The study found flirting with a mask has become harder for some as they can’t see whether someone is smiling back at them (61 percent), and it is harder to read others (55 percent).
One fifth of adults simply feel sweaty when wearing a mask, while 35 percent feel less attractive when their face is hidden.
More than a third (34 percent) also worry the eyes don’t always give away what they are feeling.
And three in 10 adults wearing glasses have double the problem, as their lenses steam up when they wear a mask – which means they lose the entire expression on their face.
Perhaps unsurprisingly, four in 10 adults polled via OnePoll are convinced their ‘flirting success rate’ has gone down since they’ve had to don a mask.
And 44 percent are now consciously over exaggerating what they are doing with their eyes to get the message across.
To get further guidance on how to flirt in a mask, Vision Direct has partnered with Jean Smith to create a video of tips.
Alexandra Smyrliadi, content manager at Vision Direct said: “Flirting can be tricky for most of us, with or without masks!
“But eyes are the window to the soul after all, so we just need to make them work harder for us.
“It’s all about smizing – smiling with your eyes, a term coined by Tyra Banks to describe that sultry, intense gaze models pull in ads.
“It’s just a micro expression, but it can have a huge impact on getting you noticed.
“So, get in front of that mirror and practice on your smizing, winking, eyebrow raising and eyelash fluttering and you’ll be stealing hearts in no-time.

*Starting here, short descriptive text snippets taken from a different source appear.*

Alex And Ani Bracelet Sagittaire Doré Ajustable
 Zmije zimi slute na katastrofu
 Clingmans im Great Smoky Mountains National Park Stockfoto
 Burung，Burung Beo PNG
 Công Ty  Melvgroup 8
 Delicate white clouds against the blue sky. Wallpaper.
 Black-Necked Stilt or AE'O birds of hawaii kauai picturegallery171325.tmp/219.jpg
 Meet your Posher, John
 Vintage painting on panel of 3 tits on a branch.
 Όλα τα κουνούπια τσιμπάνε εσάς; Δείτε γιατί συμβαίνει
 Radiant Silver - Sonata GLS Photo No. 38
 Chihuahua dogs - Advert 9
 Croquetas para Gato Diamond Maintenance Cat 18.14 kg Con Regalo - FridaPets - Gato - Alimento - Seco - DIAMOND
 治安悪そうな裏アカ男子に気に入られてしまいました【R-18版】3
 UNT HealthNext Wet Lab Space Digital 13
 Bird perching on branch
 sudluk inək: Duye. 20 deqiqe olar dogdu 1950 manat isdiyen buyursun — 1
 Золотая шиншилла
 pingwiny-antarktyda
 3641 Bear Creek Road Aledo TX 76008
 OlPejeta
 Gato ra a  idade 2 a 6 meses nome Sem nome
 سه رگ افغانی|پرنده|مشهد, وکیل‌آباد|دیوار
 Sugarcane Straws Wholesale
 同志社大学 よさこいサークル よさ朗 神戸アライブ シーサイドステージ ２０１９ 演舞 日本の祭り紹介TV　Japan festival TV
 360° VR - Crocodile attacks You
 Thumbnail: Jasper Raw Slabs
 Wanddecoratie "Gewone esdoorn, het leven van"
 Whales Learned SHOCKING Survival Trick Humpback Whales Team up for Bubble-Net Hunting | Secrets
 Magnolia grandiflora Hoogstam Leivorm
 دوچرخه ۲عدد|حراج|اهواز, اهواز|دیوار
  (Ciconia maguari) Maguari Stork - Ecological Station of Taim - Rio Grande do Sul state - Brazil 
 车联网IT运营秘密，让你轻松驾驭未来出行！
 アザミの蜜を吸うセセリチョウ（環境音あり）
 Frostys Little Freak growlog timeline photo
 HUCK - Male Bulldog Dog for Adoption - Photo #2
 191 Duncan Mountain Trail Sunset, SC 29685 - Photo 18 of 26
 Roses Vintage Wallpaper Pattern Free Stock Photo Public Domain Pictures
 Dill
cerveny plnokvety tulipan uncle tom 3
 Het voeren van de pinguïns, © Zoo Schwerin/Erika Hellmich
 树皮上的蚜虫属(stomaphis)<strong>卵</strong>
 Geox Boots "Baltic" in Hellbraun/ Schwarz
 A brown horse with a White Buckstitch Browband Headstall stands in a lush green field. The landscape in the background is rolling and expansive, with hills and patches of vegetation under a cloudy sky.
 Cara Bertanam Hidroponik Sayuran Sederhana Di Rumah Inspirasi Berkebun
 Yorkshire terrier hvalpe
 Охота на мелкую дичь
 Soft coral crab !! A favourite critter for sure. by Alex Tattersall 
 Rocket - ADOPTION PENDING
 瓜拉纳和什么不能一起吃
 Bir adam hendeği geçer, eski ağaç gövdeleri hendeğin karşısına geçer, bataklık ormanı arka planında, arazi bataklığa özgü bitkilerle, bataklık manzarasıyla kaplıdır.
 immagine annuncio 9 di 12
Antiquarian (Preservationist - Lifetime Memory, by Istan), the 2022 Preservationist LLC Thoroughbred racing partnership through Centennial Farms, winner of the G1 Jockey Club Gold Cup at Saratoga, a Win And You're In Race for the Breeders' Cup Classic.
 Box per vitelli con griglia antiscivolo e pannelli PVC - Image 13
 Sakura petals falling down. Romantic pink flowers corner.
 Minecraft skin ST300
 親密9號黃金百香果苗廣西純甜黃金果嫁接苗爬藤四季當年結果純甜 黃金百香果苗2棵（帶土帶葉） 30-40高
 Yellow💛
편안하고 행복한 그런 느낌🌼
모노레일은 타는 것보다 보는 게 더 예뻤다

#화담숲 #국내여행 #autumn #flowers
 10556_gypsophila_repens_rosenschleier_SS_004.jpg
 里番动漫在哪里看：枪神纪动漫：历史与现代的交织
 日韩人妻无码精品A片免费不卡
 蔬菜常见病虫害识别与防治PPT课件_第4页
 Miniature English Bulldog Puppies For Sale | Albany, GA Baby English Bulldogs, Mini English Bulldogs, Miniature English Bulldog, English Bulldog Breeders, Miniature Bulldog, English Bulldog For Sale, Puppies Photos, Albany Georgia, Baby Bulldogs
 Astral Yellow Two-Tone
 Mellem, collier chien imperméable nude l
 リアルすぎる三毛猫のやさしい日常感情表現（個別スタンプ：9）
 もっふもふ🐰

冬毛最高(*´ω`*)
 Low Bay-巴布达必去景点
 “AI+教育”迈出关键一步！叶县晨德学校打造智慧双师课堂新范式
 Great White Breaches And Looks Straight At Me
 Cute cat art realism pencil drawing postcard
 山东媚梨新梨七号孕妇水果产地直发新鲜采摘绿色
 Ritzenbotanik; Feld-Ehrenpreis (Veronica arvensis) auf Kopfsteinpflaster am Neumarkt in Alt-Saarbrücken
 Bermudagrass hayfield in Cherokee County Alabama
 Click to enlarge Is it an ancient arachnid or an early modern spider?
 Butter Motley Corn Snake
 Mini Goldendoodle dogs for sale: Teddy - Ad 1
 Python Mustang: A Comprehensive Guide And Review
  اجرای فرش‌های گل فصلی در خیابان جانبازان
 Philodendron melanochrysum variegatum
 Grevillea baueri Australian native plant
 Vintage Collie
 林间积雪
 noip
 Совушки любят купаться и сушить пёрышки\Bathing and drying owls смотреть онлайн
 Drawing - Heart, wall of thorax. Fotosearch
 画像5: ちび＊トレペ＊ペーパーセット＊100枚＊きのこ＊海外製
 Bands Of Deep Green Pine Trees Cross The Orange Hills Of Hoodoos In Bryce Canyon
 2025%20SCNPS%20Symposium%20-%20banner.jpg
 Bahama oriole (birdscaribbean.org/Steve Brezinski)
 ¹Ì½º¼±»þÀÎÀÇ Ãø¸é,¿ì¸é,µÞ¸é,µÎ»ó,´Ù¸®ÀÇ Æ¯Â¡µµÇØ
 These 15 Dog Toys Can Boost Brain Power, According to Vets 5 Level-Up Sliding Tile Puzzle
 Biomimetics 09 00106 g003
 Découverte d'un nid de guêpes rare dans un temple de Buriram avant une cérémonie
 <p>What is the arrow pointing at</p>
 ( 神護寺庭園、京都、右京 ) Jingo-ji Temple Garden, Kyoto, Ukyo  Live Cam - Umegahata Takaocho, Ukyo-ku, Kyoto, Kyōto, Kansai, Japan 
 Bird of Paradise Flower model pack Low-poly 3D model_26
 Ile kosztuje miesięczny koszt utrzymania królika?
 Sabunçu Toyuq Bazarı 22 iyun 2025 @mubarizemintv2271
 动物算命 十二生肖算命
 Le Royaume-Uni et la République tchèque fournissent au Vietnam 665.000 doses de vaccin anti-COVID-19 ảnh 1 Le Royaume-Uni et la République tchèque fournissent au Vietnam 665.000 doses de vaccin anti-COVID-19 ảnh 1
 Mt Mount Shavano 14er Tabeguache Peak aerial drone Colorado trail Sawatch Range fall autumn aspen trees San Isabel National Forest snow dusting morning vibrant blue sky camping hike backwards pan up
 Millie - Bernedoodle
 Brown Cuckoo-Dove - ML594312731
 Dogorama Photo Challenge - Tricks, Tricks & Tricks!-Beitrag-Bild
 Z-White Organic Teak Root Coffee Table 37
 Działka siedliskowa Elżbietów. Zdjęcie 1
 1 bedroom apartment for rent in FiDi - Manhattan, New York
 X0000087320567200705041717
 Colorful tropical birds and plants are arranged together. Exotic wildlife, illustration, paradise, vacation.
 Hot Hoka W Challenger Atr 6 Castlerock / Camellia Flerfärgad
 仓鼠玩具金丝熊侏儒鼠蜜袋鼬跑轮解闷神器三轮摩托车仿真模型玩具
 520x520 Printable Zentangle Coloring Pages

“What better reason to look after our eyes, keep them happy, hydrated and digital strain-free than to be able to score a date with our crush?”
TOP 12 TIPS ON HOW TO FLIRT WITH YOUR EYES
1. The Mona Lisa smile
People have debated for years if Mona Lisa was smiling in her photo and she wasn’t even wearing a mask. But looking at the eyes or, more specifically, the little laugh lines around the eyes show when people are truly smiling.
2. Side glance
There’s a reason those Instagrammers love the side glance in their selfie poses. It’s a bit quirky, it’s a bit flirty, it gives the impression that you have a secret and you just might share it with the right person.
3. Big pupils
When we see someone to whom we are attracted our pupils naturally become bigger. Therefore, this is a great clue to help you decipher when someone is interested.
4. Baby doll eyes
As humans, we have evolved to be drawn to large eyes. We find babies’ faces so captivating because their eyes are disproportionately large to the rest of their face. You can consciously try and open your eyes wider to make yourself more attractive.
5. Intense eyes
There’s a look and then there is a look. Do not underestimate what the eyes can convey when it comes to intention. It’s the thought behind the eyes that is important.
6. Clear eye contact
This might sound simple, but many people find it hard. This is giving someone clear eye contact, to the point where they unmistakably know you are looking at them.
7. The up and down
This consists of gazing at the other person from head to toe as you move up and down with the eyes. This one is to be used only when mutual attraction has already been established. It can then be used as a compliment, ‘Oh, I see you and I like what I see!’
8. Eyebrow raise
The eyebrow raise makes a bolder statement than just eye contact alone. It acts as a question to the other person, ‘What do you think?’ or ‘How about it?’
9. Count to three
In order to convey interest, you must hold eye contact for three seconds. Any longer and you might roam into a creepy category; any less and the other person won’t notice.
10. Look away and look back
The full on stare down is not the way to go. However, the look and then look back is very powerful. It shows that they were not mistaken and, yes, you really were checking them out.
11. The wink
While some of the other methods are more subtle the beauty of the wink is that there is no mistaking that you want to convey a message to someone. The wink is fun, flirty and conspiratorial.
12. Three is the magic number
To show interest look at someone three times. If they want to reciprocate, you will know by the third time. If they don’t return your look by the third glance, they are not interested. It’s time to move on.